La Ascensión del Señor es un momento más del único misterio pascual de la muerte y resurrección de Jesucristo, y expresa sobre todo la dimensión de exaltación y glorificación de la naturaleza humana de Jesús como contrapunto a la humillación padecida en la pasión, muerte y sepultura. Es la entrada oficial en la gloria después de las humillaciones del Calvario.
Para confirmar a los discípulos en la fe, era necesario que esto sucediese de manera visible como se verificó cuarenta días después de Pascua. Los que habían visto morir a Dios en la cruz, entre insultos y burlas, debían ser testigos de su exaltación suprema a los cielos.

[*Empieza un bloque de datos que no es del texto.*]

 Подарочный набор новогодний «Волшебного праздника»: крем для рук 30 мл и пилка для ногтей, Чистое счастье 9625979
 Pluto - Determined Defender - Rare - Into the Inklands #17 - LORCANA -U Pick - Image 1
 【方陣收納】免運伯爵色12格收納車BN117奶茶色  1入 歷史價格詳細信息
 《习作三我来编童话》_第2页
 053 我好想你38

Jesús resucitado no debía ya permanecer en este mundo. Como Dios, nunca dejó el Cielo, su morada, pero como hombre, tenía derecho a la posesión del trono que había ganado con su Pasión, con su muerte y con su triunfo sobre el pecado. El pecado había cerrado las puertas del Cielo. Cristo las debía abrir de nuevo. Solo a Él le correspondía este honor. Para eso había bajado del Cielo. La obra ya estaba terminada. La Redención se había consumado. Los hombres ya podían volver a mirar al Cielo como a su verdadera patria. El mundo no es más que un destierro completo. El Cielo es nuestro fin, nuestra meta, nuestro descanso.
Sin embargo, ascensión no significa ausencia de Cristo. San Marcos subraya que: «El Señor actuaba con ellos». Ciertamente Cristo ha dejado su presencia visible, sensible. Pero sigue presente. Y lo manifiesta «cooperando» con la acción de los discípulos.

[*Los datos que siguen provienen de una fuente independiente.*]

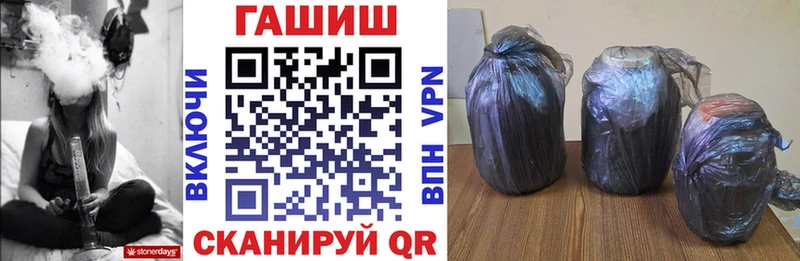 Купить где  Благодарный  Гашиш Изолятор 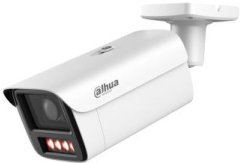 NoName NET CAMERA 4MP BULLET/HFW5459Z-ZHE-PV-2712-PRO DAHUA HFW5459Z-ZHE-PV-2712-PRO (6937552410541)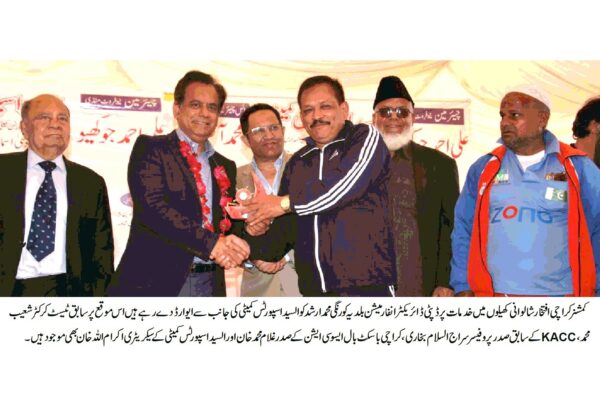 بانی قوم حضرت قائد اعظم محمد علی جناح  کو باسکٹ بال کھلاڑیوں کا خراج عقیدت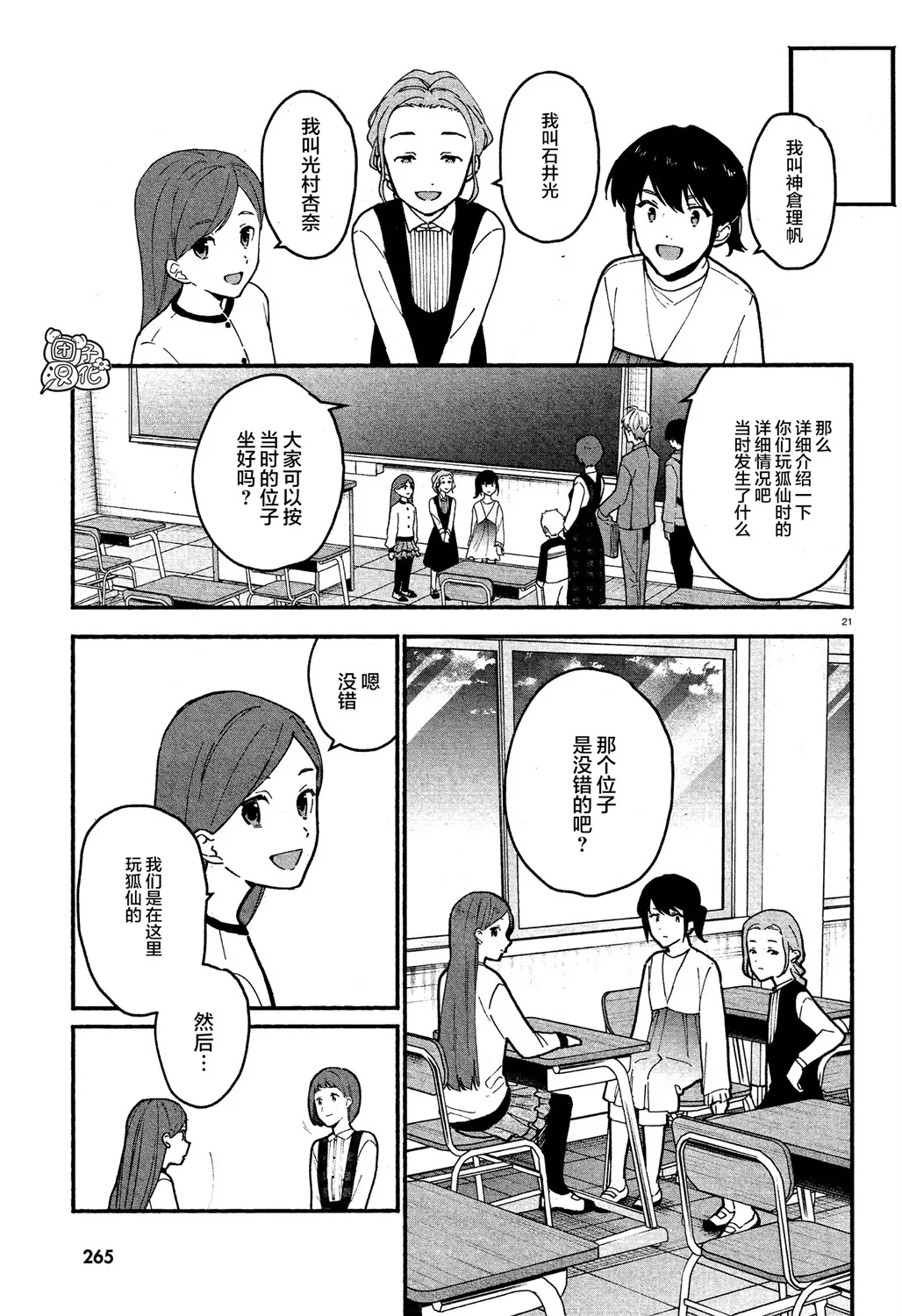 第21页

Esta nueva presencia es la que Jesús asegura a la Iglesia. Es el fin de una etapa y la inauguración de un tiempo nuevo. De esta manera, al mismo tiempo que promete su presencia entre nosotros hasta el fin de los tiempos nos convierte en testigos.
Es el tiempo de la actividad misionera de la Iglesia. El Evangelio está en nuestras manos. Nos incumbe continuar su obra. “Id por todo el mundo” (Mt. 28, 19): imperativo urgente. Nada de inmovilismo, nada de comodidad. No basta esperar pacientemente. Es necesario ponerse en movimiento para llevar el anuncio del Evangelio a todas las partes, con la confianza absoluta de saber que Él estará con nosotros.
Esta misión que el Señor confía a sus discípulos de llevar la Buena Nueva a todo el mundo contaba con una Madre: María.
Aunque en este pasaje no se menciona la presencia de María, ¿pudo no estar ella presente, si inmediatamente después leemos que se hallaba en el cenáculo con los Apóstoles en espera de Pentecostés?
No se trata de una reunión de familia, sino del hecho de que, bajo la guía de María, la familia natural de Jesús pasó a formar parte de la familia espiritual de Cristo. En esa misma circunstancia, San Lucas define explícitamente a María «la madre de Jesús» (Hch 1, 14), como queriendo sugerir que algo de la presencia de su Hijo elevado al cielo permanece en la presencia de la madre. Ella recuerda a los discípulos el rostro de Jesús y es, con su presencia en medio de la comunidad, el signo de la fidelidad de la Iglesia a Cristo Señor.